Toutefois, alors que le Conseil relevait dans cette décision du 29 décembre 1998 qu’« en raison de son taux et de son caractère annuel, l’impôt de solidarité sur la fortune est appelé normalement à être acquitté sur les revenus des biens imposables »[11]33, il avait depuis lors considéré, à l’occasion d’une QPC sur le dispositif de « plafonnement du plafonnement » de l’ISF, « qu’en instituant un tel impôt, le législateur a entendu frapper la capacité contributive que confère la détention d’un ensemble de biens et de droits ; que la prise en compte de cette capacité contributive n’implique pas que seuls les biens productifs de revenus entrent dans l’assiette de l’impôt de solidarité sur la fortune »[12]34.

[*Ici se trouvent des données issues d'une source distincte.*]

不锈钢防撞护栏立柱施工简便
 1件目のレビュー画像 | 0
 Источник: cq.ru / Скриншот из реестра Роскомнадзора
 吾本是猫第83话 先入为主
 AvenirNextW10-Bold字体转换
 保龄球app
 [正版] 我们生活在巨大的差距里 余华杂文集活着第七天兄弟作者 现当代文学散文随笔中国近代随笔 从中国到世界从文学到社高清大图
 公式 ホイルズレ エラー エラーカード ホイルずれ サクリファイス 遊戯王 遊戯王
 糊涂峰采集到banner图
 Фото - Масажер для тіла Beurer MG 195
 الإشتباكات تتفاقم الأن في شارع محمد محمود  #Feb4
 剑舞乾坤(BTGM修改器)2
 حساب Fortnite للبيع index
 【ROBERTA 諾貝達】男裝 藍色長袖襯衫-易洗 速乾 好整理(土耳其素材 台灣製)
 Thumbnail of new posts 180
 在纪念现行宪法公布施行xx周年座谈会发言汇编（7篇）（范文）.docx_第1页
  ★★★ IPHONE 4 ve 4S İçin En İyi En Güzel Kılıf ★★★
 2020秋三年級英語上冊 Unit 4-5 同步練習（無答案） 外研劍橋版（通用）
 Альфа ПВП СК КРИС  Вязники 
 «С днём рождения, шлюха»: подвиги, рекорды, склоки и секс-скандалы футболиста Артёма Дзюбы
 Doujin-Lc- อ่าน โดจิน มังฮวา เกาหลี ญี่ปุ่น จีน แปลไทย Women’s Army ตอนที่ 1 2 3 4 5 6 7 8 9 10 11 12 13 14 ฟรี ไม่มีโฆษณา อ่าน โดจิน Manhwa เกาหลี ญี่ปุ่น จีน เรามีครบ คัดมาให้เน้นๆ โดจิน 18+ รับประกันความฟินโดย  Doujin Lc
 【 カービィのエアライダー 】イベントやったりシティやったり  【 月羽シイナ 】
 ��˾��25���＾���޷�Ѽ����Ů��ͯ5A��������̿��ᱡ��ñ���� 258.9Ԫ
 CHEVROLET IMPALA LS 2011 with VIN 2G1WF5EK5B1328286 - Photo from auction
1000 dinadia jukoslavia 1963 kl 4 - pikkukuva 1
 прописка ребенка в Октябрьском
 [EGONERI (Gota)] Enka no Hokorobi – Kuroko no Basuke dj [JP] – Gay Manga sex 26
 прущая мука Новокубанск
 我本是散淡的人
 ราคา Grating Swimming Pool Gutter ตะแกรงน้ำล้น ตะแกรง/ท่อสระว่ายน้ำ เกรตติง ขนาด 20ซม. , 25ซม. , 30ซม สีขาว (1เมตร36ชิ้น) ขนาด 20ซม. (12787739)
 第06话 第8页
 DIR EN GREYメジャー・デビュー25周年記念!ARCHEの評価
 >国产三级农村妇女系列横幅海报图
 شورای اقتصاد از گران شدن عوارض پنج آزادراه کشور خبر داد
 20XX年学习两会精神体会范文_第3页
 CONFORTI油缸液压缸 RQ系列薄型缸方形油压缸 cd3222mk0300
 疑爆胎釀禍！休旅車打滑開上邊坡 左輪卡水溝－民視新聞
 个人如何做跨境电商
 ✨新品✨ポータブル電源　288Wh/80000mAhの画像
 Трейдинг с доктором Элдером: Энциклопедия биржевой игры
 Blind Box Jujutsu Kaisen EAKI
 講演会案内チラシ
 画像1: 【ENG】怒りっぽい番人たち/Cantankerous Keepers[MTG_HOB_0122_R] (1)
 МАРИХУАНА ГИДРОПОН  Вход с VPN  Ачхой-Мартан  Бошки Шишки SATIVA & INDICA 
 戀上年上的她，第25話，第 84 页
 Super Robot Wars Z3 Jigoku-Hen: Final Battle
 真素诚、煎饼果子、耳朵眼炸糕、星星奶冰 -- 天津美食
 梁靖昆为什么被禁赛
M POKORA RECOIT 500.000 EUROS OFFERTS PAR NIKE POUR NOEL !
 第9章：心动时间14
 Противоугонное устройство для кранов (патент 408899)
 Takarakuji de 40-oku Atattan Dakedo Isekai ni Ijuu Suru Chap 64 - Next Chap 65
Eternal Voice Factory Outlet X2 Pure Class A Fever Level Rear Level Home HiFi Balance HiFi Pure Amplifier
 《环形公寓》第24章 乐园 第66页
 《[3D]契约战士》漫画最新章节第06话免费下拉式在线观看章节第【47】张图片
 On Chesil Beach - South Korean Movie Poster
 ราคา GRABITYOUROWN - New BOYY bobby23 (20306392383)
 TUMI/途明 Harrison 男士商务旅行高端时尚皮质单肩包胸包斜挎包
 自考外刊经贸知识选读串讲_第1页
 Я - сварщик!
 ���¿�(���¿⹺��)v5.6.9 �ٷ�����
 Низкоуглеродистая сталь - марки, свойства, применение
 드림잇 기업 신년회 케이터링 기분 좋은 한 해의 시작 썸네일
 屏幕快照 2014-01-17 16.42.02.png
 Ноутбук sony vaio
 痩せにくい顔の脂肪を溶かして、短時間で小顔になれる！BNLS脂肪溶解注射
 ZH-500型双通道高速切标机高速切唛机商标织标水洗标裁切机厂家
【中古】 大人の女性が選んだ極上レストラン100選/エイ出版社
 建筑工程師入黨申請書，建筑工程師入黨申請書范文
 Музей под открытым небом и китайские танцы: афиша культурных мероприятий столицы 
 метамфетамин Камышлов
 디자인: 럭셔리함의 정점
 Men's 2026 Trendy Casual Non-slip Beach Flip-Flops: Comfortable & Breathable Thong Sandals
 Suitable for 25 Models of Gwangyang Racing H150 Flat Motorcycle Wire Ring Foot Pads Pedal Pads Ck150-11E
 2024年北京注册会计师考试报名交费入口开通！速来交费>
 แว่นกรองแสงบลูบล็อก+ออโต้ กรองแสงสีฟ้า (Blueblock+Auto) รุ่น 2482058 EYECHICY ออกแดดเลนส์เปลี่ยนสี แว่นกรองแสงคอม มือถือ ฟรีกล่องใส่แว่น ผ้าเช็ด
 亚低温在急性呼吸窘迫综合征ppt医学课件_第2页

Le Conseil constitutionnel, dans le cadre du contrôle de la conformité d’une imposition aux exigences de l’article 13 de la Déclaration de 1789, vérifie en effet que l’imposition n’a pas un caractère confiscatoire. Comme l’exprime un considérant formulé à deux reprises récemment : « cette exigence (d’égalité devant l’impôt) ne serait pas respectée si l’impôt revêtait un caractère confiscatoire »[13]35.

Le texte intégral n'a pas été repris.